酒吞によく手合わせをするようにつっかかっているティオ。茨木とよくボードゲームをしているシャール。彼らは目の前の者たちを異形とは思いもせずに、普通の人として接しているのだ。それはルディがそうあることを許していることに他ならない。
「ありがとう。ルディ」
笑顔で言葉を返す。すると、ルディから何故か口づけをされてしまった。何故に!
「アンジュ。他の奴にそんな可愛い顔をするなよ」
「いや、普通にお礼を言っただけだし」
普通にお礼を言っただけで、なぜ可愛い顔という話になるのだろうか。それに私の顔は何も変わりはしない。いつも同じだ。
そして、何かを考えるようにファルは険しい表情をして、首元から何かを取り出した。
「『第13部隊。副部隊長ファルークスより、第9副部隊長ディネーロに応答を願う』」
おお!これが未だに私が貰っていない聖騎士団に所属した者が身につける通信機!あっ違った身分証だった。
『こちら第9部隊、副部隊長ディネーロだが、なんだ?今忙しいのだが?』
凄い!本当に繋がっている。やはり、普段は部隊同士で連絡は取り合わなくても、王都で共に生活していれば、仲のいい友と呼べる者ができるのだろう。
私には一生、友達というものはできないだろうけど、主にルディの所為で。
「すまないが、一つ聞きたい。人の首という異形はどんな容姿だ?」
『は?なんだ?それは?』
ファルとの通信相手は何言っているんだコイツという雰囲気が声から漏れ出ている。
「聞いているのはアンジュだ。人の首は異形なのか?それとも普通に人の首なのかと」
ファル!なんでそこに私の名前を出すわけ?そこは知り合いであるファルが知りたいということにしておいてよ!

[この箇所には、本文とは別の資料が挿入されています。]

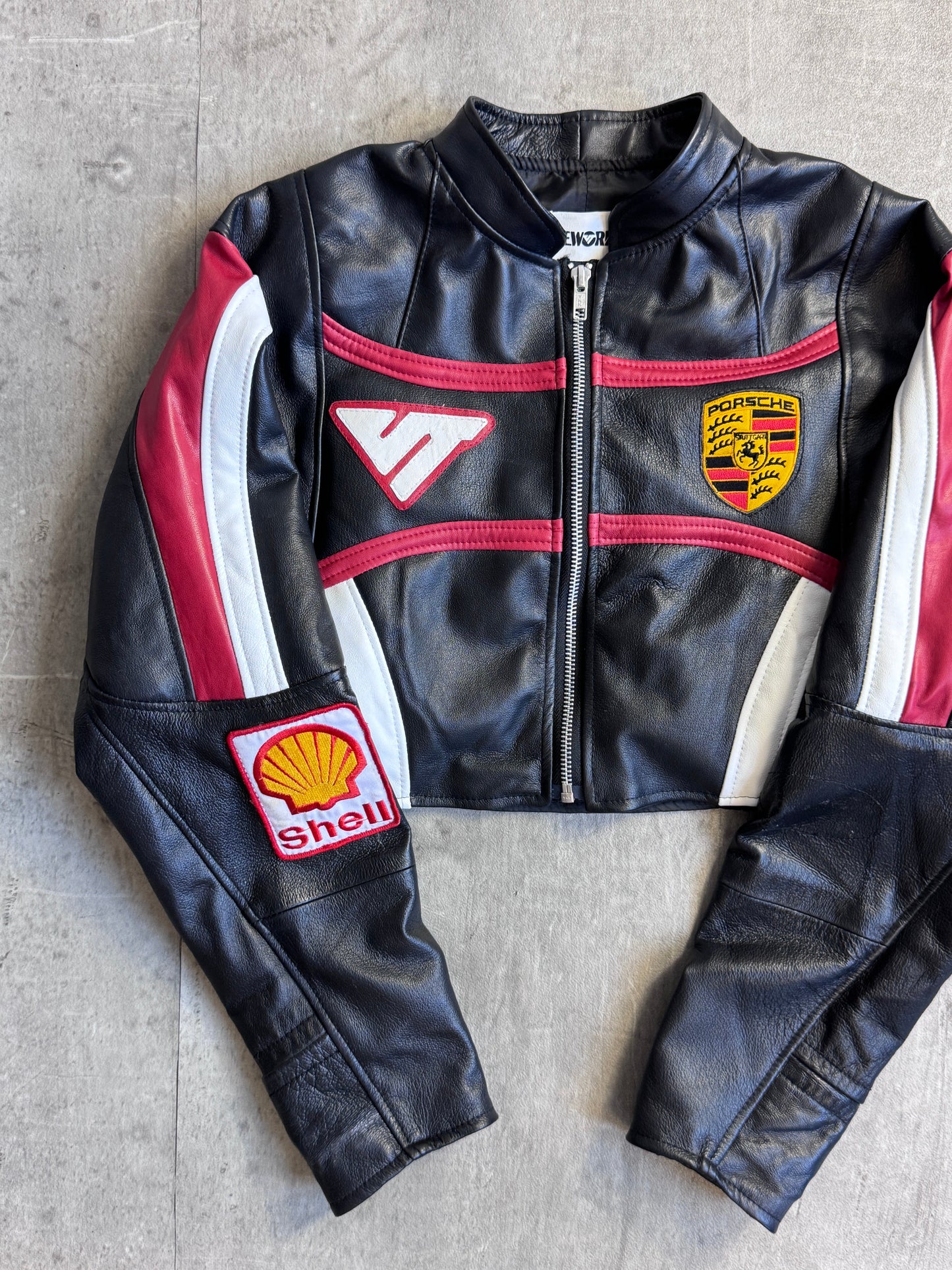 VT Rework : Porsche Cropped Rework Leather Jacket SC:5782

『あ゛?アンジュだって?また、おかしなことを言い出したな』
通信相手が誰かは知らないけれど、私はそんなにおかしなことは言ってはいない。
『普通に人だ』
普通に人?
「髪の色はなに?金髪?白髪?黒?茶色?知り合いに似てるとかない?」
私は通信相手に聞こえているかはわからないけど、捲し立てるように質問をした。
『なんだ?そこにいるのか。そう言われてみれば……昔近所にいた爺さんに似ていたような?……ちょっとまってくれ!おい!首の異形で知り合いに似ていたとかあるか?「……」「……」「……」』
通信の向こう側で何か声が聞こえるが、通信機が拾うほどの音量ではないようなので、遠くから何か言っているような音が聞こえて来るだけだ。
『あー。思い出せば、知っている人に似ているようなという曖昧な感じだな。戦っているときにそんな事を思い出して剣を振う馬鹿なん……て、いるかもしれない。これはどういうことだ!アンジュ!』
「いや、私が実際に見てないから聞いただけで、どういう事と問われても知らないとしか言えない」
私に責任転嫁をされてしまっては適わない。知り合いの顔に似ているかもという戸惑いが隙を生み戦闘不能となる騎士がいるのであれば、それは正に敵の罠に嵌ったとしか言いようがない。